16. The Committee is deeply concerned by the fact that the philosophy of the Covenant, based on the principle of non-discrimination and on the idea of the universality of human rights, has not fully taken root in Algerian society. Furthermore, many forms of discrimination against women, both in the legislation and in everyday life, prevent women from exercising their economic, social and cultural rights.
17. The Committee also deplores the fact that such fundamental freedoms as the right to work, to education, to freedom of movement, and the right freely to choose a spouse are not fully guaranteed for Algerian women. The violence exercised against women in the family, and outside the family by fanatical groups, is of profound concern to the Committee. The husband's absolute right to keep the conjugal home in the case of divorce is a further subject of concern.
18. The Committee expresses its great concern about the high rate of unemployment, which, according to the information contained in the Government's written replies to the Committee's questions, could exceed 30 per cent in 1995. The Committee also notes that this rate is continually increasing.
19. The Committee notes with concern that family violence, of which women are the principal victims, continues to be a problem of society in Algeria, insufficiently addressed by the authorities in terms either of prevention or of punishment. The Committee also deplores the fact that children born out of wedlock are subjected to de jure and de facto discrimination.
20. The Committee notes with concern the serious shortage of housing, and the precarious conditions of accommodation of a substantial part of the population, which affects enjoyment of the right to adequate housing, as provided for in the Covenant.
21. The Committee is concerned to note the high mortality rate among young girls in the 1-10 age group, which, as is acknowledged by the Government, is due to the fact that better care is provided for boys.
E. Suggestions and recommendations
22. The Committee, while being aware of the extremely difficult political and social context in which the Algerian Government is discharging its functions, considers it to be of the utmost importance that special attention be given to the problem of discrimination against women, in particular as it exists in legislation.

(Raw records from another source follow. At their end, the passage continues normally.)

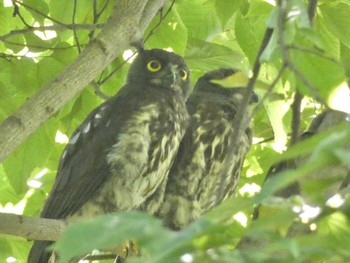 Sat, 8/12/2023 Birding report at Kyoto Gyoen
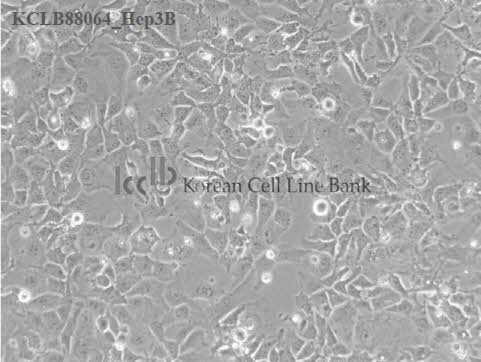 Hep3B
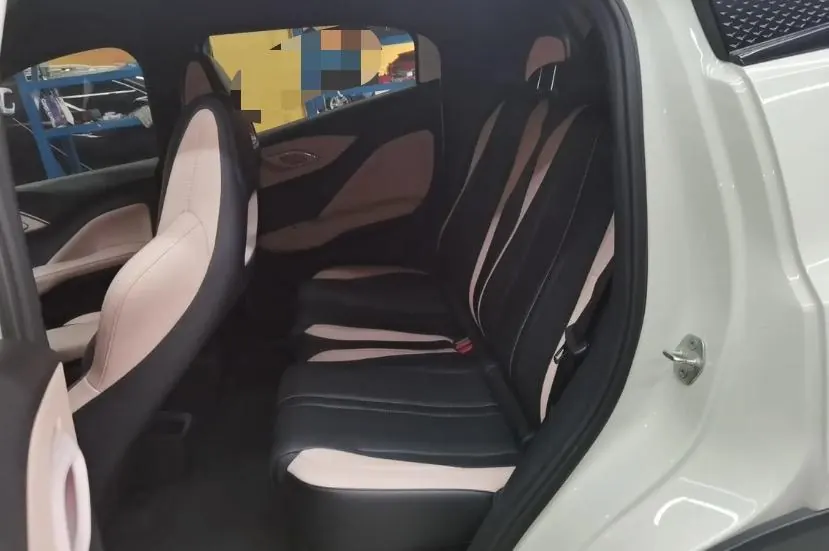 BYD 2025 seagulls 305km dynamic version of automatic gear 5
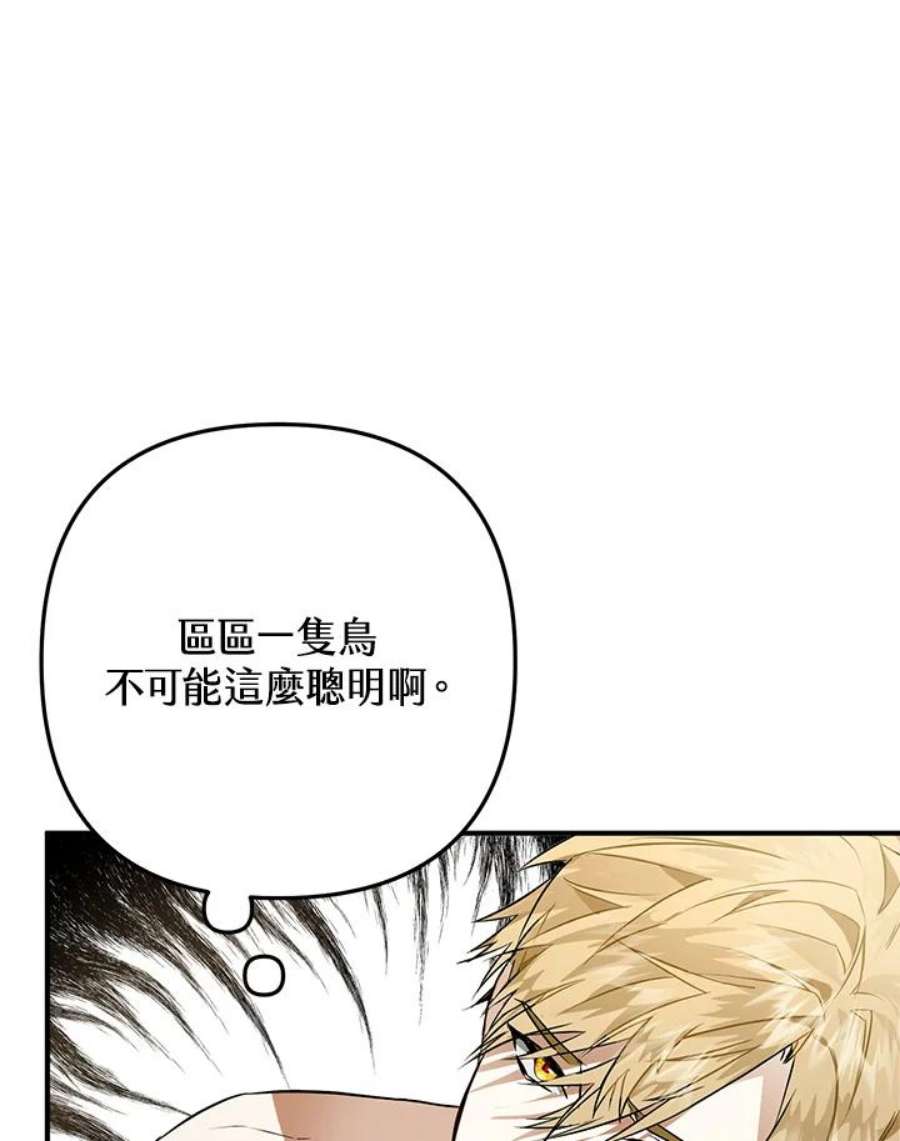 偏偏变成了乌鸦2话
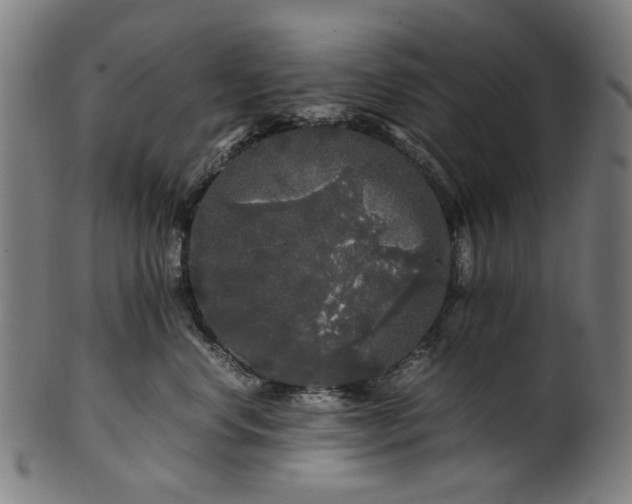 X0000100880668200807111344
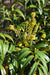 Mahonia Soft Caress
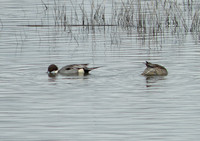 Duck, Pintail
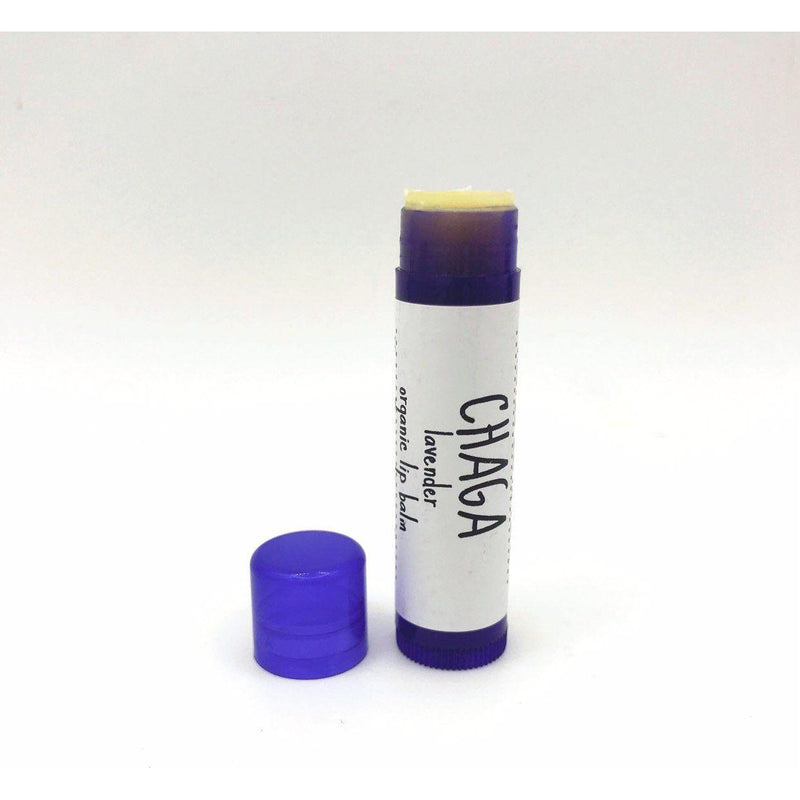 Rooted Earth Farm + Apothecary Chaga Lip Balm Lip Balms + Tints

23. The Committee recommends that the radical economic reforms undertaken by the Government be continuously assessed in terms of the realization of the economic, social and cultural rights of all Algerians and that special priority be given to the smooth application of social policies designed to counteract the adverse effects of structural adjustments.
24. The Committee recommends that extensive consciousness-raising campaigns be launched to prevent family violence. Adequate information should also be provided to the victims of such violence, with regard to their right to obtain compensation.

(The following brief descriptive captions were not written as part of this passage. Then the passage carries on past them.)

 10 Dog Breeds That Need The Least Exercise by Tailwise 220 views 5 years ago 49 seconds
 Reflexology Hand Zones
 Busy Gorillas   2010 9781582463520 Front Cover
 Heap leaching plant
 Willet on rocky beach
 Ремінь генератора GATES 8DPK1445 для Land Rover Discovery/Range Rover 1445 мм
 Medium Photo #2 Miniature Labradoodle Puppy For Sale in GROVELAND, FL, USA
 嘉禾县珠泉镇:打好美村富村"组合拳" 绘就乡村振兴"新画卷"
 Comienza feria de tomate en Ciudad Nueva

25. The Committee encourages the Algerian Government to pursue an energetic housing policy, so as to make progress towards the full realization of the right to adequate housing.
26. The Committee also requests the Government to take all necessary measures to ensure that girls are fully able to exercise their right to education and to mental and physical health. Such measures should be accompanied by the setting up of a data collection system enabling their impact to be assessed.
27. The Committee recommends that measures should be taken to include human rights instruction in school curricula, especially in primary schools, in conformity with the goals and objectives of the United Nations Decade for Human Rights Education, and that those responsible for enforcing the law should be given instruction in human rights.
28. The Committee recommends that the State party's second periodic report contain more information regarding the effective implementation of the rights guaranteed in the Covenant. The Committee reminds the Government in this connection of the possibility to make use of the advisory services of the United Nations Centre for Human Rights, which offers training in the drafting of the reports required under international instruments.